In this activity, students locate five- and six-digit numbers on a series of number lines. The endpoints of each number line are multiples of 100,000, and the space between them is partitioned into ten equal intervals. As they locate the numbers, students recognize each tick mark as a multiple of 10,000 (MP7). Later in the activity, students use a number line to name multiples of 10,000 that are near given five-digit numbers.

Prior to the lesson, create number lines from the blackline master and post them around the room for students to visit during the activity.

• Create number lines from the blackline master and post them around the room before the activity.

• Groups of 4
• “Miren las rectas numéricas que hay alrededor del salón. ¿Qué observan acerca de ellas? ¿Qué se preguntan?” // “Take a look at the number lines around the room. What do you notice about them? What do you wonder?”
• 30 seconds: quiet think time
• Share responses.
• Display a number line with 100,000 at one end and 200,000 at the other.
• “¿Ven múltiplos de 100,000 en esta recta numérica?” // “Do you see multiples of 100,000 in this number line?” (Yes, 100,000 and 200,000)
• “¿Ven múltiplos de 10,000?” // “Do you see multiples of 10,000?” (Yes, each tick mark is a multiple of 10,000.) “¡Nombrémoslos!” // “Let’s name them!” (100,000, 110,000, . . . , 200,000)
• Label the first few tick marks.
• “¿Ven múltiplos de 1,000?” // “Do you see multiples of 1,000?” (No, they’re not marked.) “Si estuvieran marcados, ¿cómo se verían?” // “If they were marked, what might they look like?” (10 tiny, equal spaces between each pair of tick marks)]
• “¿Pueden estimar en qué lugar de la recta numérica está ubicado 113,500?” // “Can you estimate where 113,500 goes on the number line?” (Between the second and third tick marks, but closer to the first tick mark. Or between 110,000 and 120,000, but closer to 110,000.)
• Assign one set of numbers (A, B, C, D, or E) to each group of 4.
• Give 4 stickers and 4 sticky notes to each group.

• “Con su grupo, ubiquen cada número en la recta numérica correcta. Usen una calcomanía para marcar la ubicación en la recta numérica y usen una nota adhesiva para escribir el número que corresponde. Después, completen el último problema” // “Work with your group to locate each number on the right number line. Use a sticker to mark the location on the number line and use a sticky note to label it. Then, complete the last problem.”
• 8–10 minutes: group work time
• Monitor for the ways students locate their numbers and how they determine the multiples of 10,000 in the last problem.

Students may decide to place all numbers in their assigned set on the same number line. Consider asking:

• “Piensa en tus números, ¿entre cuáles dos números está cada uno?” // “Between which two numbers does each of your numbers fall?”
• “Piensa en cada número, ¿cuál recta numérica tiene extremos que están cerca de él?” // “Which number lines have endpoints close to each number?”
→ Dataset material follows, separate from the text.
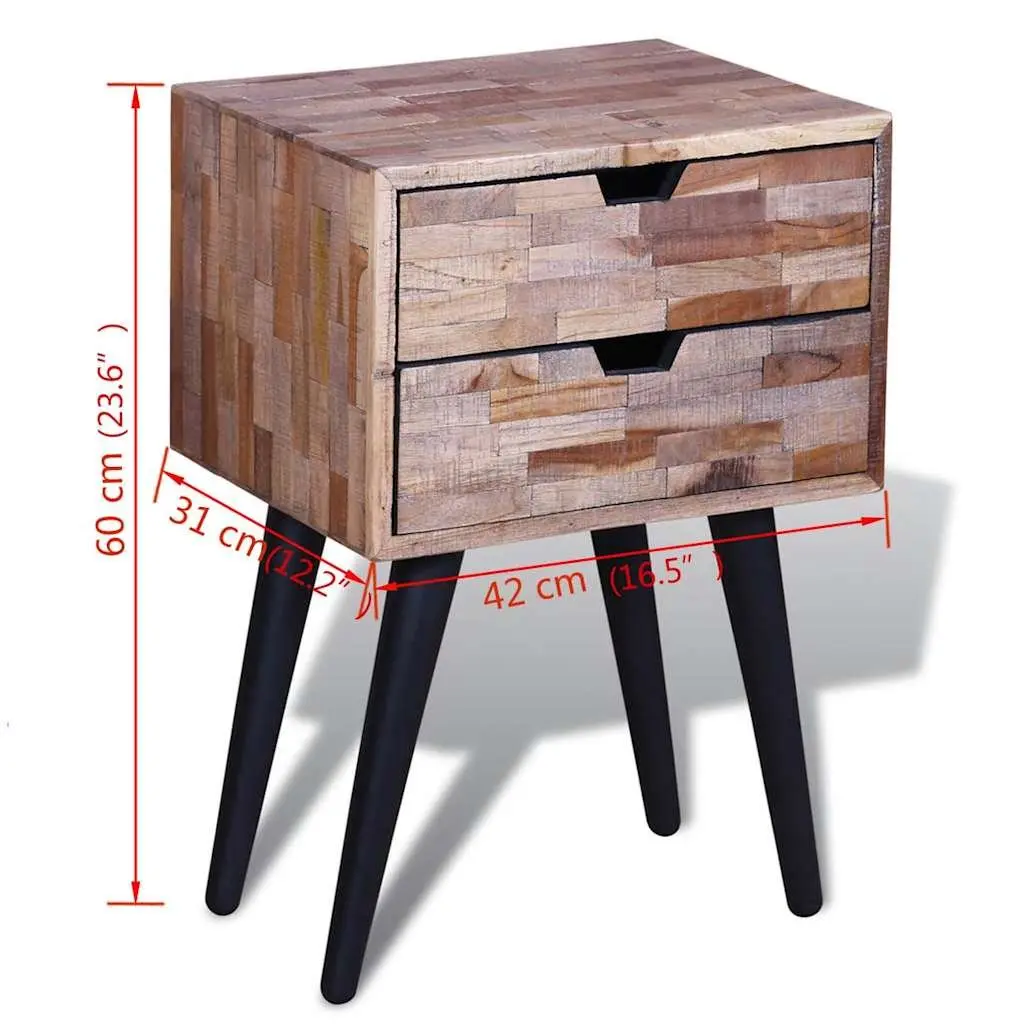 Bedside Table Reclaimed Wood Vintage Brown 2 Drawers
• Select students to explain how they identified which number line to use and where to put the dot sticker to represent each number. Highlight explanations that are based on place-value reasoning:
  • To identify the right number line, we’d look at the digit in the hundred-thousands place. If it didn’t have a digit there, it goes on the first number line.
  • To locate the point, we’d look at the digit in the ten-thousands place. For 379,000, it is the 7 in the ten-thousands place, so we’d count 7 tick marks from 300,000. The dot would be close to the eighth tick mark because 79,000 is close to 80,000.
• Briefly discuss how students identified the nearest multiple of 10,000 for 42,326 and 99,982.
• Keep the number lines displayed for the next activity.
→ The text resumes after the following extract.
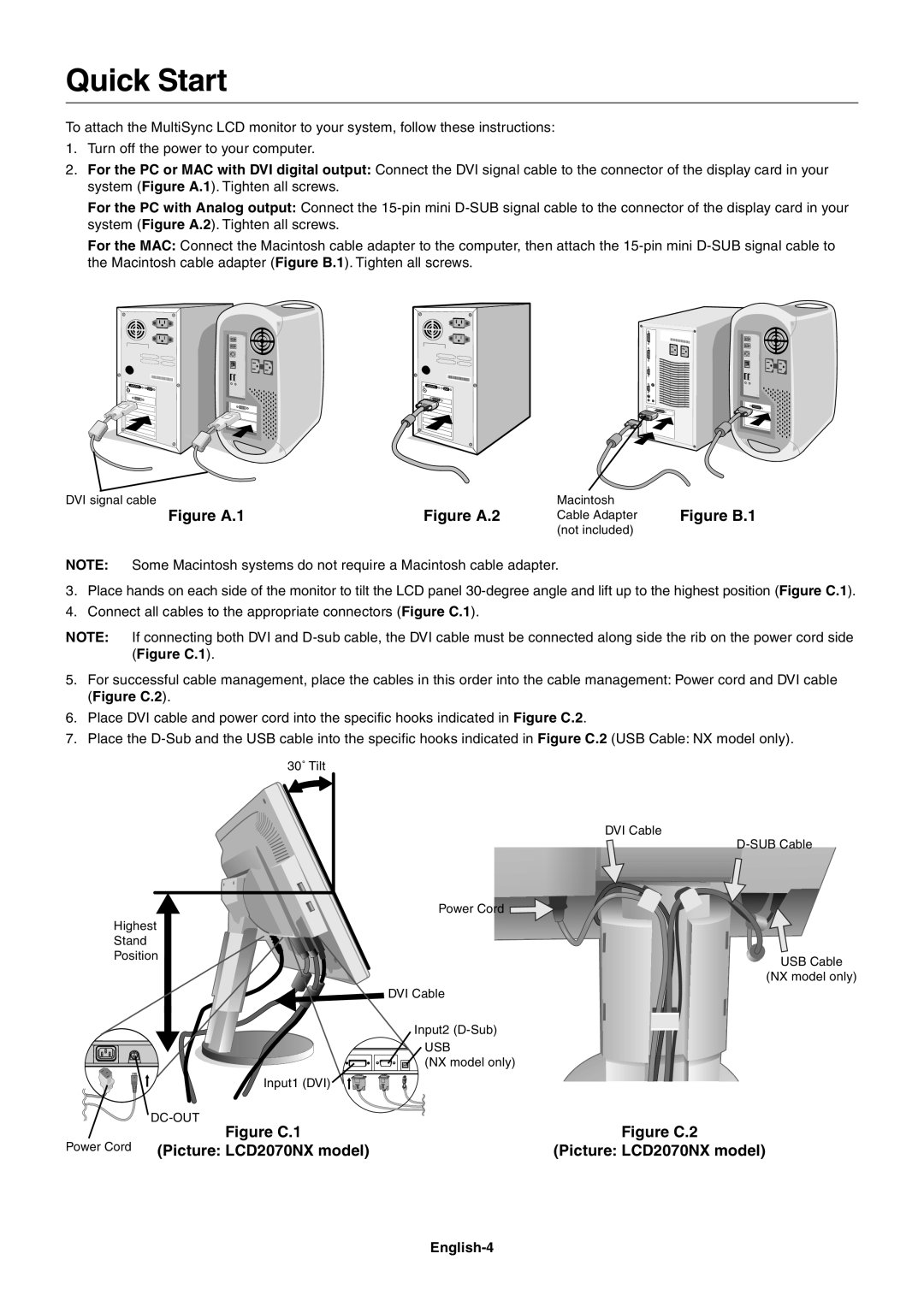 NEC user manual Quick Start, Figure A.1, Figure A.2, Figure C.1, Figure C.2, Power Cord Picture LCD2070NX model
In this activity, students identify the nearest multiples of 10,000 and 100,000 for the six-digit numbers they saw in the first activity. They may do so by using the number lines from earlier, but they may also start to notice a pattern in the relationship between the numbers and the nearest multiples without the number lines (MP7).

• Groups of 2 or 4
• Display number line with endpoints of 100,000 and 200,000.

• “En silencio, trabajen unos minutos en la actividad. Luego, compartan sus respuestas con su grupo” // “Take a few quiet minutes to work on the activity. Then, share your responses with your group.”
• 6–7 minutes: independent work time
• 3–4 minutes: group discussion

Students may see that the nearest multiples of 10,000 for a number are the two tick marks surrounding the point but may be unsure what numbers they represent. Ask them to recall what each tick mark represents on this set of number lines and urge them to count the marks.

• Display the blank table from the activity. Invite students to share their responses to complete the table. Discuss any disagreements.
• Invite students to share how they identified the nearest multiples of 10,000 and 100,000.
• If no students mentioned that they examined the location of each point visually and decided the closest tick marks on the number line, ask them about it.